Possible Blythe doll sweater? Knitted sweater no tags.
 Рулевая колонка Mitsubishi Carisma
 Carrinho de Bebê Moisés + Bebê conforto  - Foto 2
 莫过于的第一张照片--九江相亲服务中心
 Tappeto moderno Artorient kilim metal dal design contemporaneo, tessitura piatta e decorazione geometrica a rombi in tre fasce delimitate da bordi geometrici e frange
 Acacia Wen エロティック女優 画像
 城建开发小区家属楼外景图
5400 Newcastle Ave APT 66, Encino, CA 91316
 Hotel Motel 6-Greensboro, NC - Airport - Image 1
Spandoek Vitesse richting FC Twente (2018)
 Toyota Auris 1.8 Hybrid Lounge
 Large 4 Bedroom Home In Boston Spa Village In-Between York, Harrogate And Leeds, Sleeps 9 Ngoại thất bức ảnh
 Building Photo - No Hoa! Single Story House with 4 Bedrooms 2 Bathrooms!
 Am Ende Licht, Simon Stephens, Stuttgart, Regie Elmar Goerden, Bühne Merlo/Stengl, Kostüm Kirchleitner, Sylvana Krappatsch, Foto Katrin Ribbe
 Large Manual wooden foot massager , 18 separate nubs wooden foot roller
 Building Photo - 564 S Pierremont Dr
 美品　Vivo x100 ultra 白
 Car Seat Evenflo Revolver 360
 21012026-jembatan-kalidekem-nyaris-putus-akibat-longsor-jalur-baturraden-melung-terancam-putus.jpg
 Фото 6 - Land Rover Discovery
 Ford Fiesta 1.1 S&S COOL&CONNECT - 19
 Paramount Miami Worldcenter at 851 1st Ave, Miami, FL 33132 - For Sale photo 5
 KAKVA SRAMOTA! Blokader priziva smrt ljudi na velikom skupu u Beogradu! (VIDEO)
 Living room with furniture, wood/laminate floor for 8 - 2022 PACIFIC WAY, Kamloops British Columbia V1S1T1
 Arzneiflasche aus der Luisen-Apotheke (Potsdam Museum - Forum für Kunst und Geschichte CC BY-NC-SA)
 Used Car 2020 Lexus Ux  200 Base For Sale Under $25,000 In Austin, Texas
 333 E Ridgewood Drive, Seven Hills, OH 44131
────────────────────────────────────────
• REQUIRED WORK: Write out each line exactly, beginning at the one with "Paramount Miami Worldcenter" and ending at the final line of the records above, with nothing added.

• EXERCISE RESULT:
 Paramount Miami Worldcenter at 851 1st Ave, Miami, FL 33132 - For Sale photo 5
 KAKVA SRAMOTA! Blokader priziva smrt ljudi na velikom skupu u Beogradu! (VIDEO)
 Living room with furniture, wood/laminate floor for 8 - 2022 PACIFIC WAY, Kamloops British Columbia V1S1T1
 Arzneiflasche aus der Luisen-Apotheke (Potsdam Museum - Forum für Kunst und Geschichte CC BY-NC-SA)
 Used Car 2020 Lexus Ux  200 Base For Sale Under $25,000 In Austin, Texas
 333 E Ridgewood Drive, Seven Hills, OH 44131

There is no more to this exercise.